## [WORK TO BE COMPLETED]
In the data below, one line contains "Laattalista Genesis L-malli" and a later one contains "Imágenes desde el". Print both, with every line between them, exactly and alone.

** Opening INPUT RECORDS block **

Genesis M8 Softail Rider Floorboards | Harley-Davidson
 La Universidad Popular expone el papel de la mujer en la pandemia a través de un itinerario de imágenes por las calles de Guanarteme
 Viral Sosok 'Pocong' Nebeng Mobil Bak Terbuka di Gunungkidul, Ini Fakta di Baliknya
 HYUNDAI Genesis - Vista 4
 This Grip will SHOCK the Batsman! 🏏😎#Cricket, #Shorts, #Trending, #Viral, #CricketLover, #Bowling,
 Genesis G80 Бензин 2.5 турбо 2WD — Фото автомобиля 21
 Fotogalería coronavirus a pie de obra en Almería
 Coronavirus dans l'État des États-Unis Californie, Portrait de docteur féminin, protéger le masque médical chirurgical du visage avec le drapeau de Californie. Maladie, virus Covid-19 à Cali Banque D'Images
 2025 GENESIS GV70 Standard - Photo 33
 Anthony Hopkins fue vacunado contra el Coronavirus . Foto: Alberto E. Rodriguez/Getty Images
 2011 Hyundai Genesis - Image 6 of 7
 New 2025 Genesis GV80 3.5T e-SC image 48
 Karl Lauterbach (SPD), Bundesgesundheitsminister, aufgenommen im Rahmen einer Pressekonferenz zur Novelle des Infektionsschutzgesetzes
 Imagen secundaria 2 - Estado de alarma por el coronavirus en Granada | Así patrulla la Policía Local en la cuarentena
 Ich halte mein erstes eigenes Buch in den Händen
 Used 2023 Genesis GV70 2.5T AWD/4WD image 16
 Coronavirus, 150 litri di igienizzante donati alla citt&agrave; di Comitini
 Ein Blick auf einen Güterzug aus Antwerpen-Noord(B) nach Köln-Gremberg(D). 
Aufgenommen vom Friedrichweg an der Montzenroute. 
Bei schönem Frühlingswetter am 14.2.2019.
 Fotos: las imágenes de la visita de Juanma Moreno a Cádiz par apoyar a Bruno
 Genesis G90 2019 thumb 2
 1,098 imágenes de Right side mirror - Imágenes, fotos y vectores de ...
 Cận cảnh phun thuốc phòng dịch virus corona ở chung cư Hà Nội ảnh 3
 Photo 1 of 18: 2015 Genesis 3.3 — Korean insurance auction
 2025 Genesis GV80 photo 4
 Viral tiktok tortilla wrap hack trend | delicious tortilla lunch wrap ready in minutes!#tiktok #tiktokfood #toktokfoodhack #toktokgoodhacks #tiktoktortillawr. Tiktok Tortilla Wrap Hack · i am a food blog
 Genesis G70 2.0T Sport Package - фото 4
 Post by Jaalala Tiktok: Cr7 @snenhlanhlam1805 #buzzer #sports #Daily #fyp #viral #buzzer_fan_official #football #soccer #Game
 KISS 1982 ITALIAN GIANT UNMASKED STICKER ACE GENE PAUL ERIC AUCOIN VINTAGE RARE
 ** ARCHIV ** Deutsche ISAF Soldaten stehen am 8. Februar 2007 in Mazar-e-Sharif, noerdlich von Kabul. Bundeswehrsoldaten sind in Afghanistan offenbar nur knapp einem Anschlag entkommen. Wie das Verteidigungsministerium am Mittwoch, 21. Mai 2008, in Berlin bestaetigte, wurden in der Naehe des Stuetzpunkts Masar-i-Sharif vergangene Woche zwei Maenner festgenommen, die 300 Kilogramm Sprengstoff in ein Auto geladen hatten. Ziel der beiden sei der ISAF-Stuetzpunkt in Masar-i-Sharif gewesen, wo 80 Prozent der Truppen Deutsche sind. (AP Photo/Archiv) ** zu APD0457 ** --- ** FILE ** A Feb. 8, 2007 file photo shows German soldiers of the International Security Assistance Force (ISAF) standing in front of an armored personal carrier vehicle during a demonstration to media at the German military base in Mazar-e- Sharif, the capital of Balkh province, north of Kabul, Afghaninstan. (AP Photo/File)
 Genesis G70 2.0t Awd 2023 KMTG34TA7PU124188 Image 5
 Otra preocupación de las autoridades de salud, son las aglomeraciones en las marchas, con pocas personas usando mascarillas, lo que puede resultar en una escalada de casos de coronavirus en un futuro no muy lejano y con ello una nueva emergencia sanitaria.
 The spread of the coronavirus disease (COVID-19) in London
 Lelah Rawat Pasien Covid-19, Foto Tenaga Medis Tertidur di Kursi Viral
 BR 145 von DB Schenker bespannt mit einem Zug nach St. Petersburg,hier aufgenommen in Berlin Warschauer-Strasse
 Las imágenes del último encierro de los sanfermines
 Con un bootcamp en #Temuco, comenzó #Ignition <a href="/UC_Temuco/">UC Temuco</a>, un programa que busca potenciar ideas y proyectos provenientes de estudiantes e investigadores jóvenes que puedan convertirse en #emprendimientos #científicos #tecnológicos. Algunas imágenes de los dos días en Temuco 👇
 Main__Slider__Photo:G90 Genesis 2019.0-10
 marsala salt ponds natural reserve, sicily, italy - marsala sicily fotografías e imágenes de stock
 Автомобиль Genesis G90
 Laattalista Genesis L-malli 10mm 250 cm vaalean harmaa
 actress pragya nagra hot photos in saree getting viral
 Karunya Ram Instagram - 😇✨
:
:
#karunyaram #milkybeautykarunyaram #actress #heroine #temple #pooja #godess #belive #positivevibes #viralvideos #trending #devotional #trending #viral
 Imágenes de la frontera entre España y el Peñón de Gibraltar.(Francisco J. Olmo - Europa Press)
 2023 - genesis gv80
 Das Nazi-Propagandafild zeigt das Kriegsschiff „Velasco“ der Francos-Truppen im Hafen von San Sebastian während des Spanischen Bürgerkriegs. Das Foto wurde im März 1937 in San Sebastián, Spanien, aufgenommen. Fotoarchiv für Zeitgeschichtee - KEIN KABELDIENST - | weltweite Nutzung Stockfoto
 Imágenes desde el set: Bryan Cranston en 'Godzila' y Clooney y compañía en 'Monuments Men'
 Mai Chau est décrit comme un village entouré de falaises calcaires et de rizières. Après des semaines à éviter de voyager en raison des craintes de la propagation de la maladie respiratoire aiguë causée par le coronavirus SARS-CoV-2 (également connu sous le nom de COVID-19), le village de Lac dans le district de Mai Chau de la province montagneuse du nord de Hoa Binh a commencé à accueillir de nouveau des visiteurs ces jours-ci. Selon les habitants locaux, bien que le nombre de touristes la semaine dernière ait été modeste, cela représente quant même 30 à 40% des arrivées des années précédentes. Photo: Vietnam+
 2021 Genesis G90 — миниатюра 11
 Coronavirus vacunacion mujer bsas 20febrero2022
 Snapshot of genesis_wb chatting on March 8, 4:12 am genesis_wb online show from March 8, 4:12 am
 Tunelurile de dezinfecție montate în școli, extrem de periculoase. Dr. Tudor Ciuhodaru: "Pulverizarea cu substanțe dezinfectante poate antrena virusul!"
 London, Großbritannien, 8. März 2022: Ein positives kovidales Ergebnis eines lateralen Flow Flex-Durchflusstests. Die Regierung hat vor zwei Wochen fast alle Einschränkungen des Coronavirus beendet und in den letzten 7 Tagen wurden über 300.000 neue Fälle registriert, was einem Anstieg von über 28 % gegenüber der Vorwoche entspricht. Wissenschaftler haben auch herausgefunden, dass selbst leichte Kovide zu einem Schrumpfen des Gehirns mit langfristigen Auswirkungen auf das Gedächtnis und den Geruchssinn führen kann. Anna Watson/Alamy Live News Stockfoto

** Closing INPUT RECORDS block **

## [RESULT FOR THIS EXERCISE]
 Laattalista Genesis L-malli 10mm 250 cm vaalean harmaa
 actress pragya nagra hot photos in saree getting viral
 Karunya Ram Instagram - 😇✨
:
:
#karunyaram #milkybeautykarunyaram #actress #heroine #temple #pooja #godess #belive #positivevibes #viralvideos #trending #devotional #trending #viral
 Imágenes de la frontera entre España y el Peñón de Gibraltar.(Francisco J. Olmo - Europa Press)
 2023 - genesis gv80
 Das Nazi-Propagandafild zeigt das Kriegsschiff „Velasco“ der Francos-Truppen im Hafen von San Sebastian während des Spanischen Bürgerkriegs. Das Foto wurde im März 1937 in San Sebastián, Spanien, aufgenommen. Fotoarchiv für Zeitgeschichtee - KEIN KABELDIENST - | weltweite Nutzung Stockfoto
 Imágenes desde el set: Bryan Cranston en 'Godzila' y Clooney y compañía en 'Monuments Men'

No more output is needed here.